An IBM computing the fraction of radiolucency to radiodensity (non-solid to solid) areas is introduced in Eq. 4. It measures the air to tissue ratio of a tumor.

$$ Air\ to\ Tissue\ ratio\ \left({AT}_R\right)=\frac{\sum_{i=1}^n\left({P}_B-{P}_A\right)/P\left({}_{B\cap A}\right)}{n} $$
(4)

Length of the solid area as shown in Eq. 5 searches for the longest path between the radio-lucent to the radio-dense boundaries. It refers to the wall of a tumor with internal features. If more than one radio-lucent area is present, the algorithm chooses the largest one to computes the boundary vertices.

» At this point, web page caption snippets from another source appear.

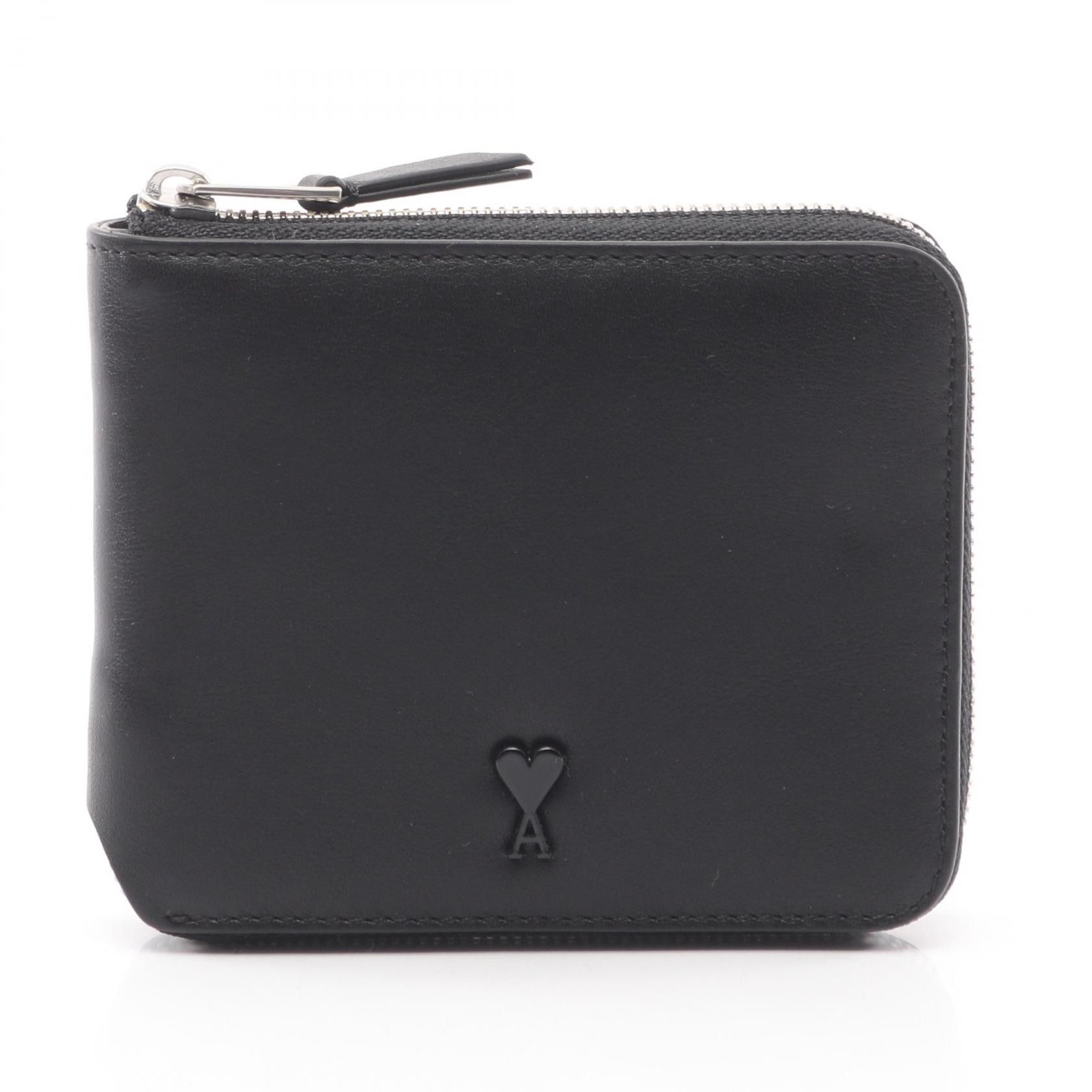 AMI Ami AMI Ami De Coeur Leather Wallet Leather Short Wallet USL704.AL0138001 DUTY FREE for USA Size ONE SIZE - 1 Thumbnail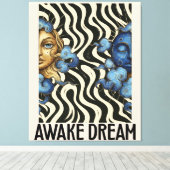 Awake Dream (Sun&Moon) Stretched Canvas Print キャンバスプリント (インサイチュ (ウッドフロア))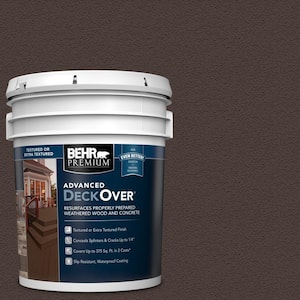 5 gal. #SC-103 Coffee Textured Solid Color Exterior Wood and Concrete Coating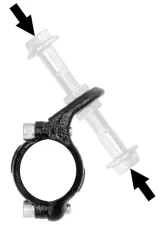 RockJock 4x4 Steering Stabilizer Shock Tie Rod Bracket Forged Chromoly Jeep Wrangler JL/JK | Gladiator JT 2007-2026                                     - RJ-401001-101 - Image 3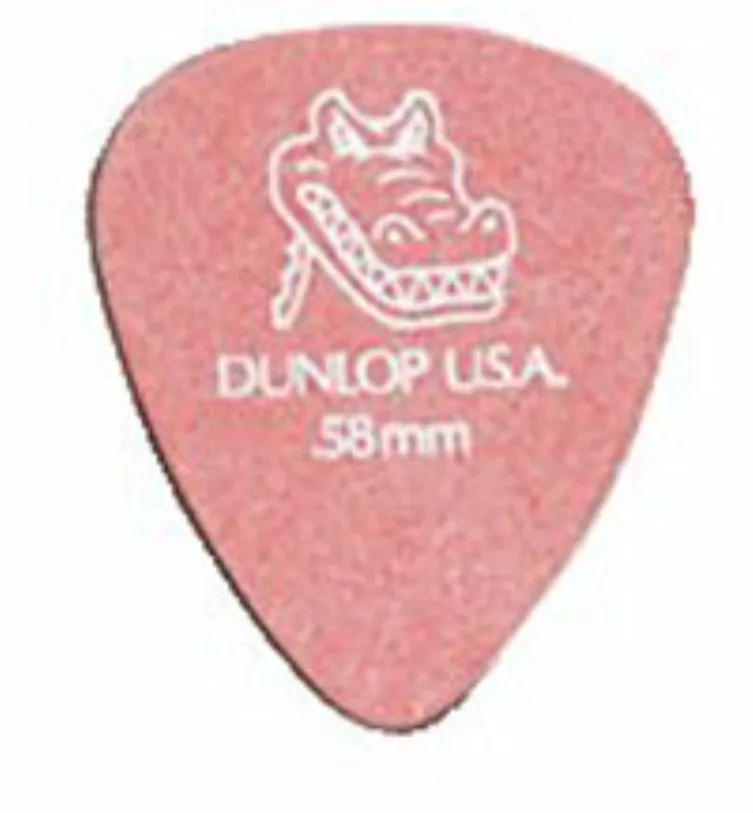 Dunlop Manufacturing, Inc. Dunlop Manufacturing, Inc. Gator Grip Guitar Picks .58mm Red 72 Pack — product photo
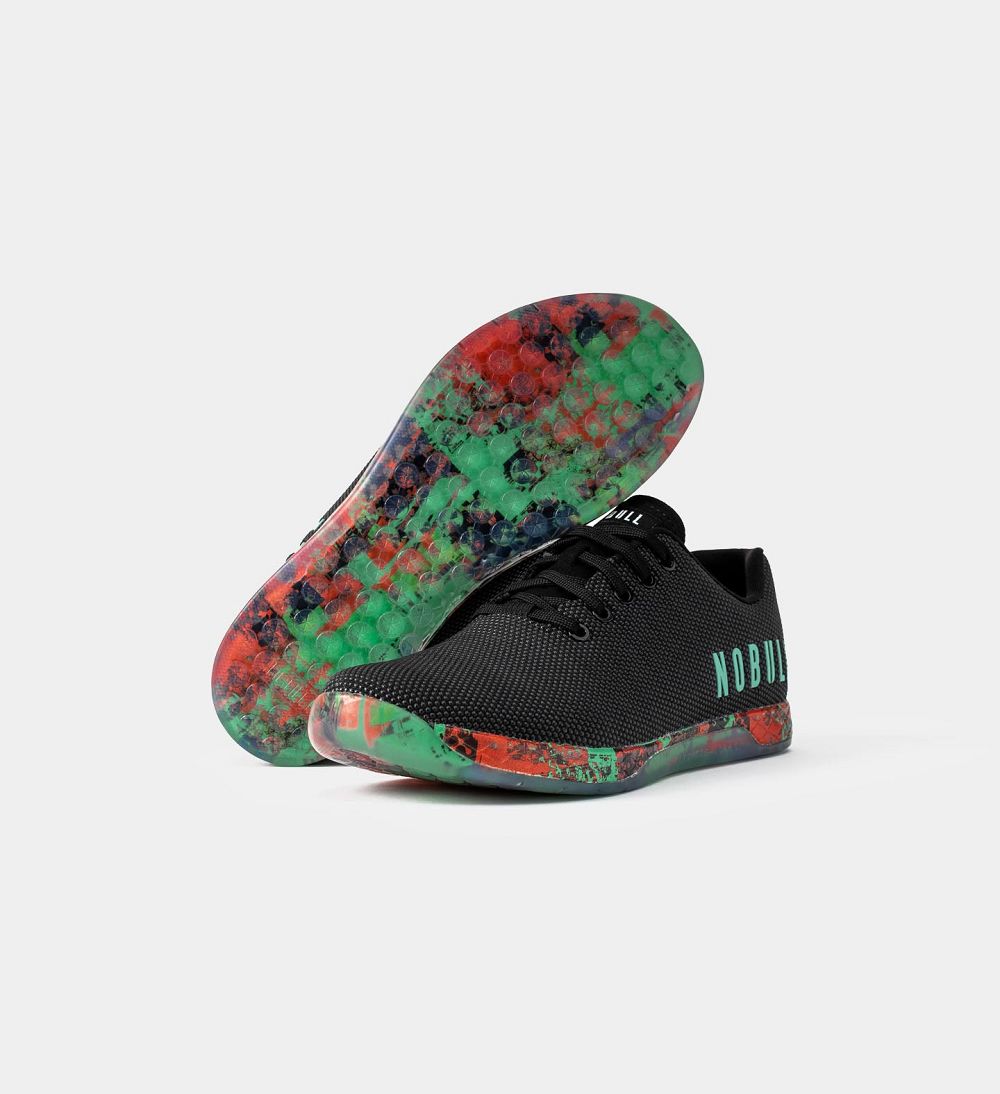 Men NOBULL Glitch OUTWORK Training Shoes Black Multi | RPMHB-9826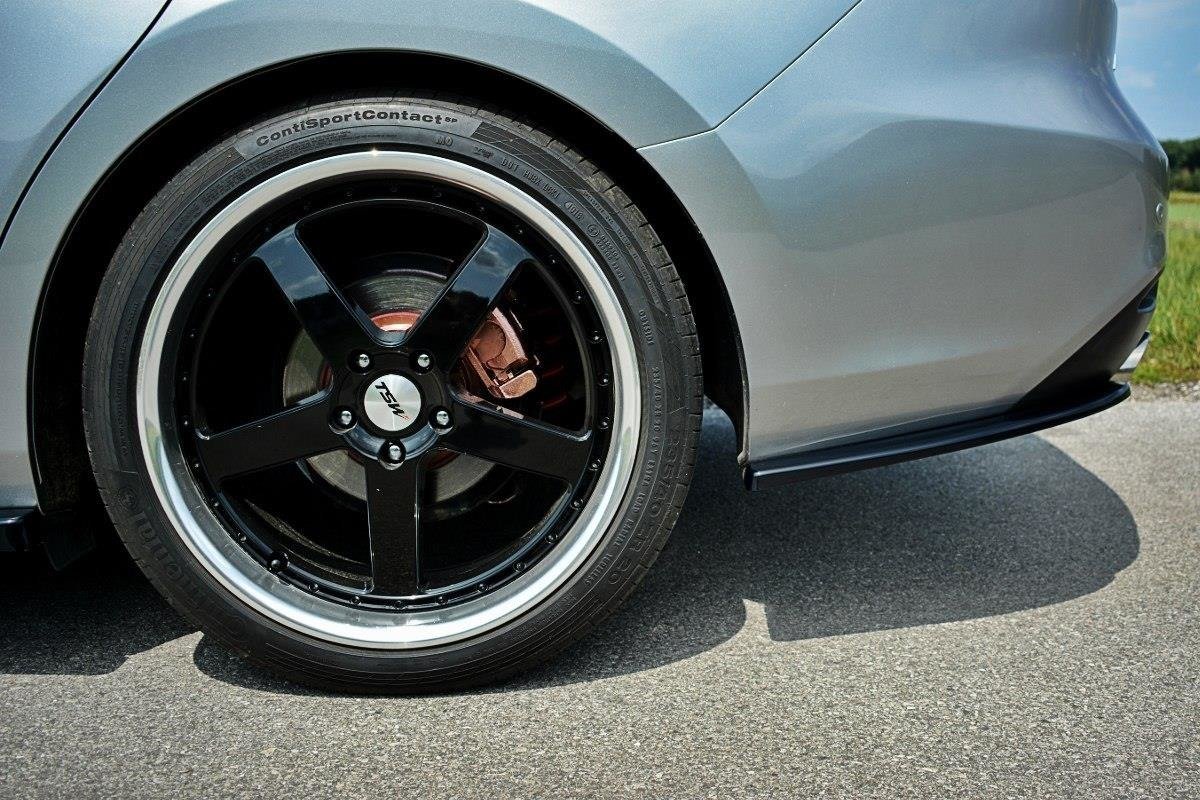 Heck Ansatz Flaps Diffusor für Mazda 6 GJ (Mk3) schwarz Hochglanz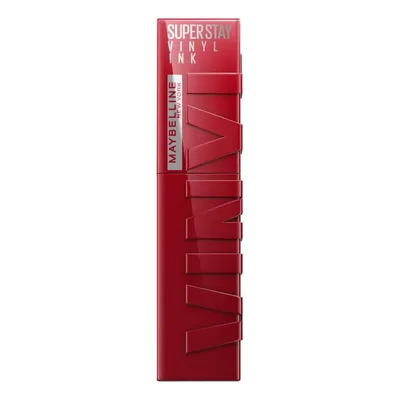 Batom Líquido, Longa Duração, Acabamento Vinil Espelhado e Efeito Gloss, Brilho Instantâneo, Conforto para os Lábios, Fórmula Vegana, Cor Lippy, SuperStay Vinyl Ink Maybelline NY 4,2ml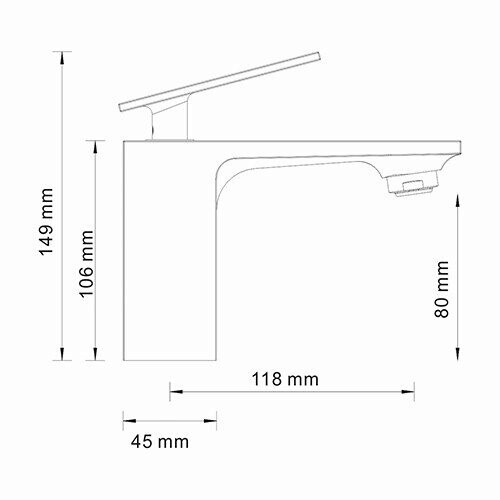 WasserKRAFT Alme 1503 смеситель для раковины 35 мм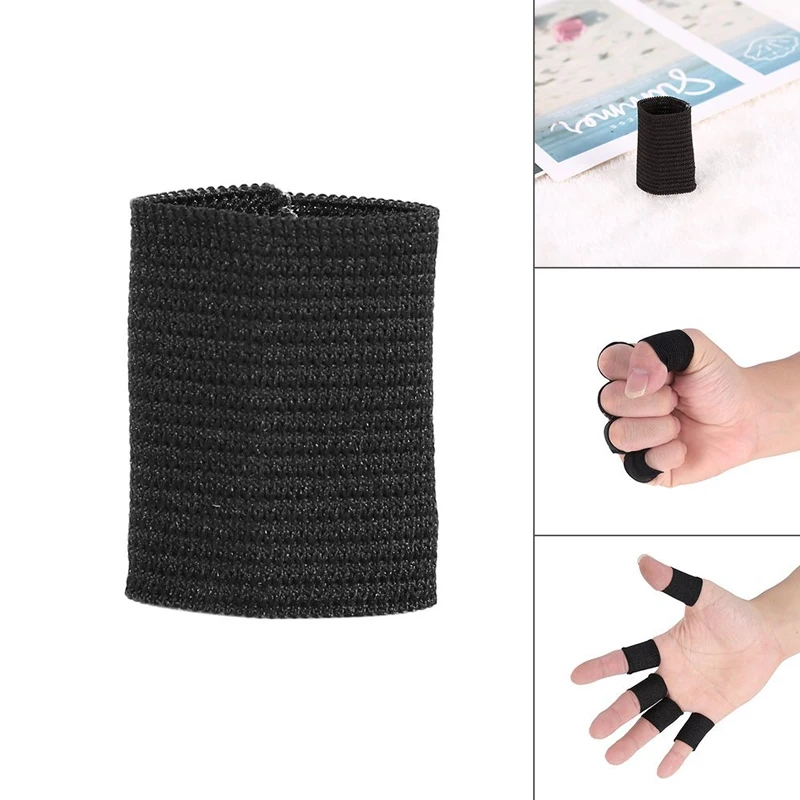 

10 Pcs/Set Adult Finger Brace Splint Sleeve Thumb Support Protector Soft Comfortable Cushion Pressure Safe Elastic Breathable
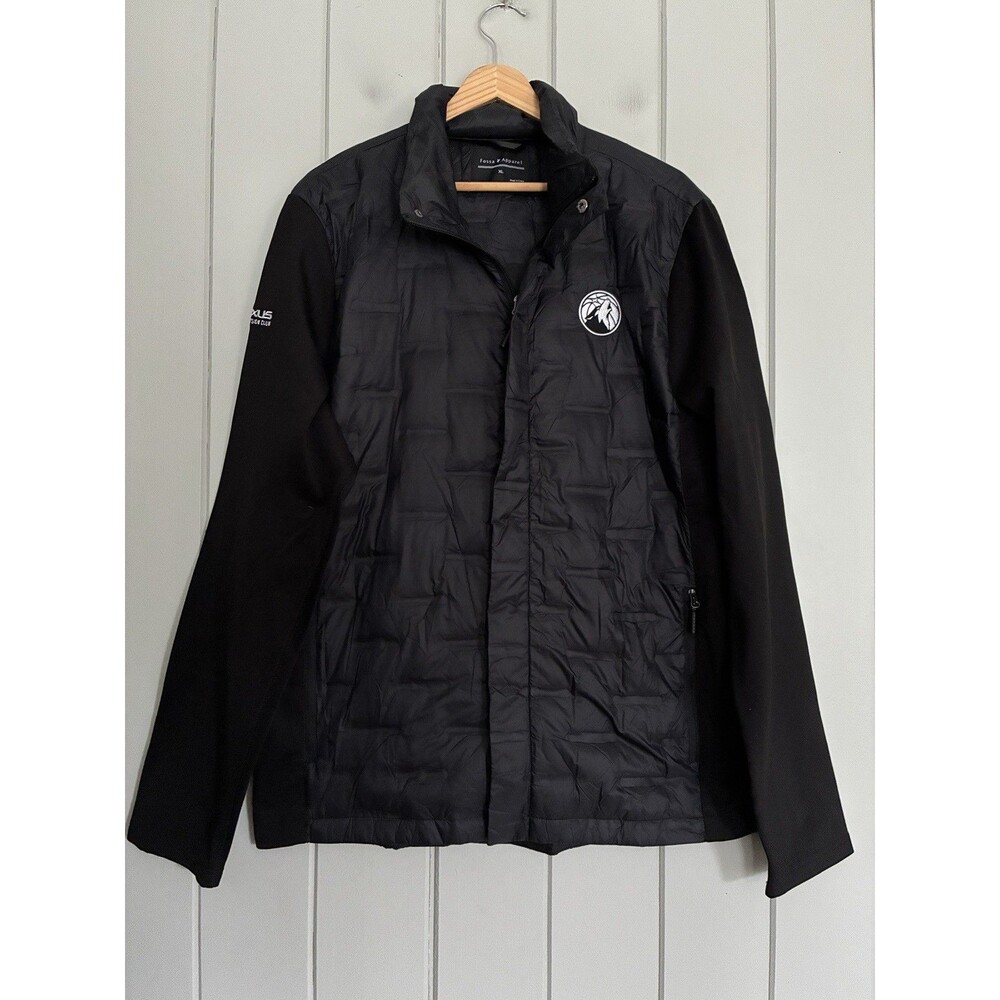 Fossa Minnesota Timberwolves Down Hybrid Puffer Jacket Mens XL Lexus Club Black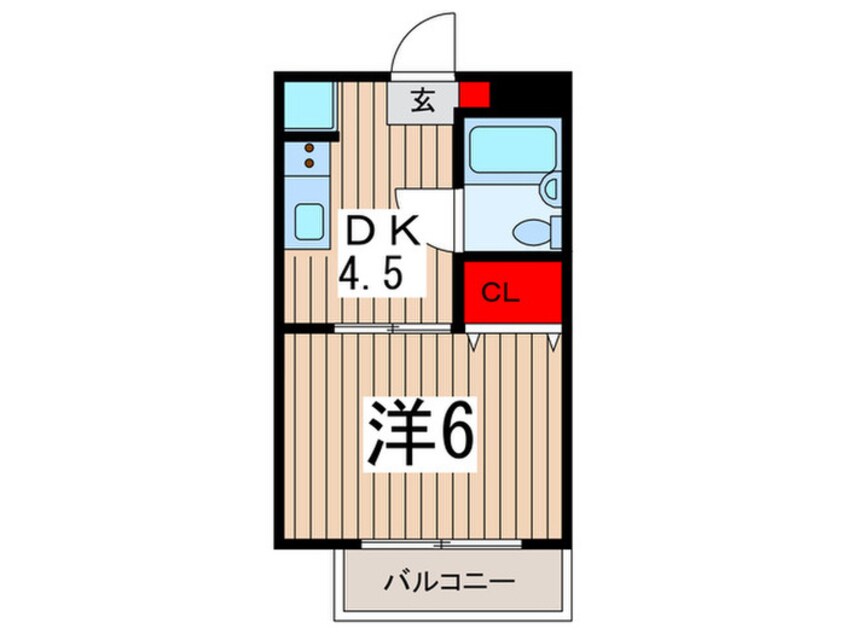 間取図 ア－ガスヒルズ１１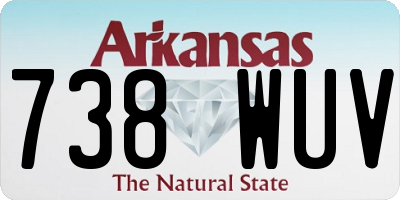AR license plate 738WUV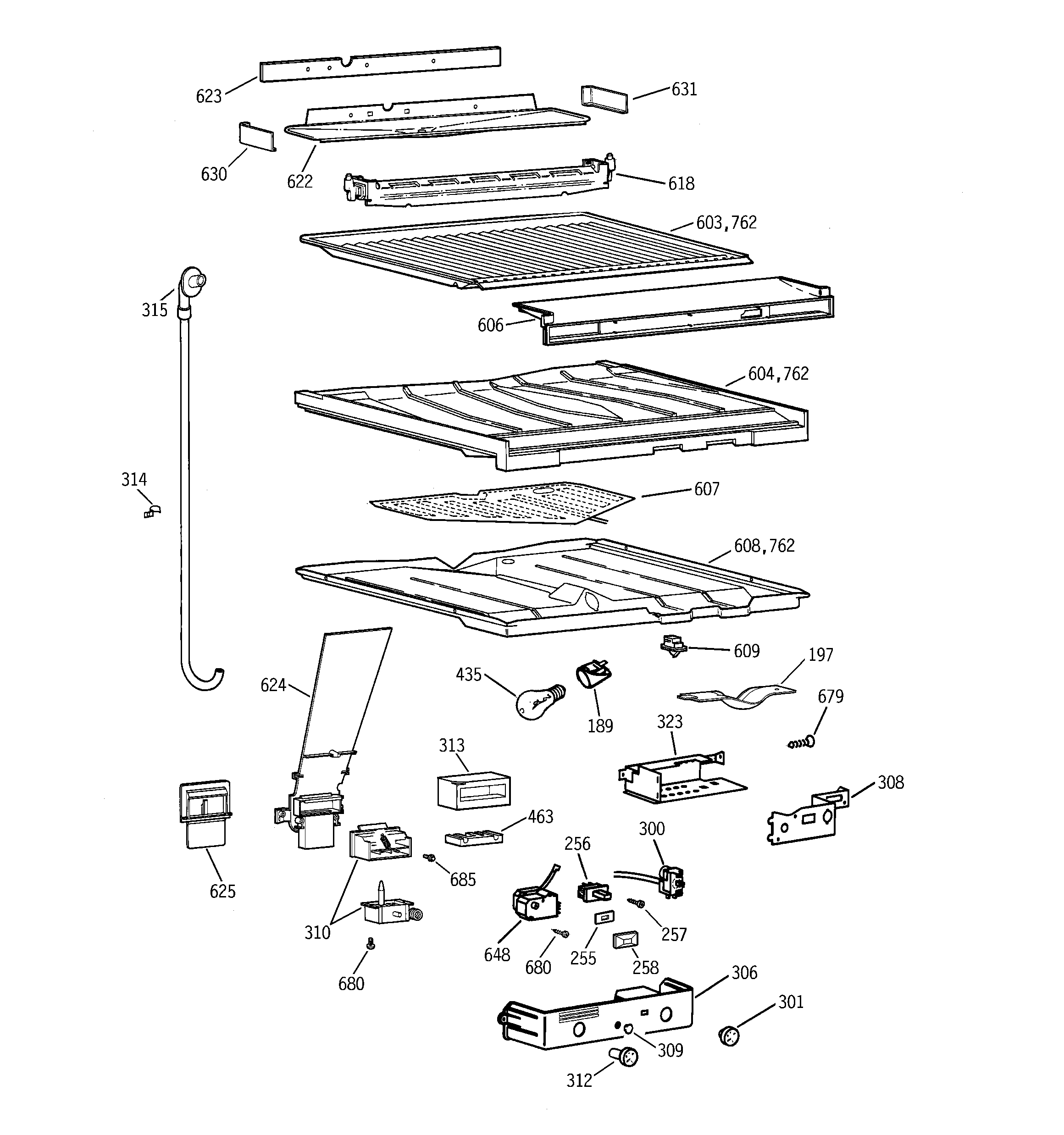 Compartment separator parts
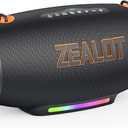 Zealot Portable Bluetooth Speaker Waterproof IPX6, 120W MAX Outdoor Speaker Bluetooth Wireless with Subwoofer, HiFi Speaker for Party,EQ,USB,AUX,TF, Long Playtime,LED Light, for Home/Gym/Camping/BBQ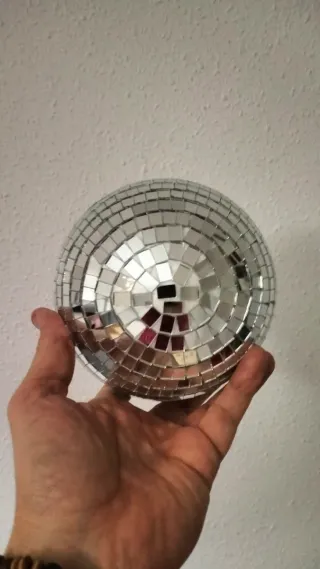 Bola Decorativa Grande Plata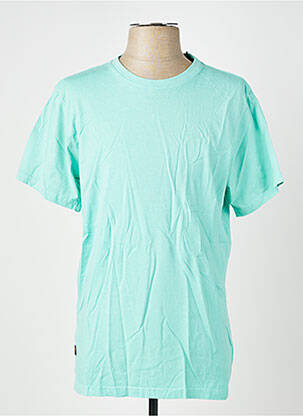 T-shirt stretch manches courtes bleu DAYTONA homme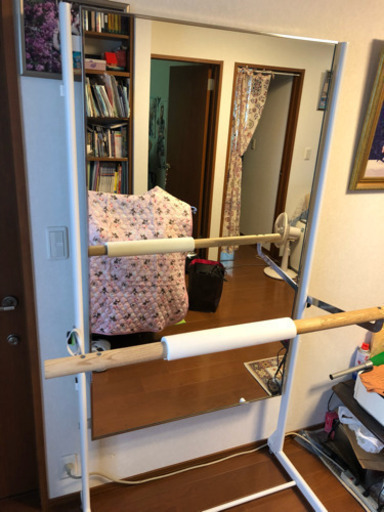 (値下げ) クラッシックバレエ レッスン用バー付きミラー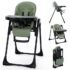 Cowiewie 3-in-1 Convertible Wooden High Chair – Grey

$$ Length\ ofSolid\ Area(LoSA)=\mathit{\operatorname{Max}}\left({\sum}_{i=1}^{\mathrm{n}}\sqrt{{\left( xi- xk\right)}^2+{\left( yi- yk\right)}^2}\right) $$
(5)

The sixth biomarker as depicts in Eq. 6 quantifies the ratio of LoSA to the diameter of a tumor mask (Span), where no lucent area is observed.

$$ Length\ of\ of Solid\ Area\ ratio\ \left({LoSA}_R\right)=\frac{\mathit{\operatorname{Max}}\left({\sum}_{i=1}^n\sqrt{{\left(x\mathrm{i}- xk\right)}^2+{\left( yi- yk\right)}^2}\right)}{Span(B)} $$
(6)

To gain further insight of the possible differences between solid vs non-solid components of a tumor, IBMs measuring the length of a lucent area as well as the ratio of their averaging length (for multi-lucency cases) to the diameter of the tumor were also investigated. Eq. 7 demonstrates the average length of cavities, whereas Eq. 8 shows the quantification of the averaged diameter of the lucent areas over the diameter of the tumor mask (B in Fig. 2)

$$ Length\ of\ C\mathrm{a} vity\ Area\ (LoCA)=\frac{\sum_{i=1}^n AVG\left({I}_D\right)}{n} $$
(7)
$$ Length\ of\ Cavity\ Area\ ratio\ \left({LoCA}_R\right)=\frac{\Big({\sum}_{i=1}^n AVG\left({I}_D\right)/n}{Span(B)} $$
(8)

In order to match the number of CBMs, we included an existing measurement in literature, solidity as the final IBM. Solidity calculates the ratio of true pixels between the tumor and its bounding box.

Model evaluation

To test the first hypotheses, three set of test cases were drawn as shown in Table 4. The predictors were fed into four off-the-shelf classifiers to predict the probability of patients survived or expired 5 years after surgery. The classifiers were chosen based on recent similar published works of predicting survival of lung cancer: Wallington et al., Logistic Regression (LR) [19], Jochems et al., Random Forest (RF) [20], Hazra et al., Support Vector Machines (SVM) [28], and Rodrigo et al., Artificial Neural Network (ANN) [29].

Table 4 The set of predictors forming three test cases; CBM, IBM, and HBM. The HBM are a combination of CBMs and selected IBMs

The predictive performance was evaluated using a cost-sensitive measure which is area under the Receiver Operating Characteristic (AUROC) or AUC. Cost insensitive measures such as accuracy, precision, and recall, might be biased in our case due to the nature of the dataset that is skewed towards one class. AUC is visualization tool for which may appropriately determine the appropriateness of a classifier. On top of that, to mitigate the concern on skewed dataset, the 10-fold cross validation was incorporated to stratify the samples and ensure that the ratio between positive and negative case in each fold are similar to that in the entire dataset. In other words, the dataset is first divided into two strata, then random assignment to the folds is carried out in each stratum independently [30]. Integrated discrimination improvement (IDI) was implemented to measure the significant difference, if it exists, between the AUCs returned by each model [31]. IDI index is commonly used to compare two risk prediction models or taking the difference between two competing models. For instance, when comparing the CBM-based model to the IBM-based model performance, the index tells the improvement in prediction without the inherit problems of directly comparing c-statistics.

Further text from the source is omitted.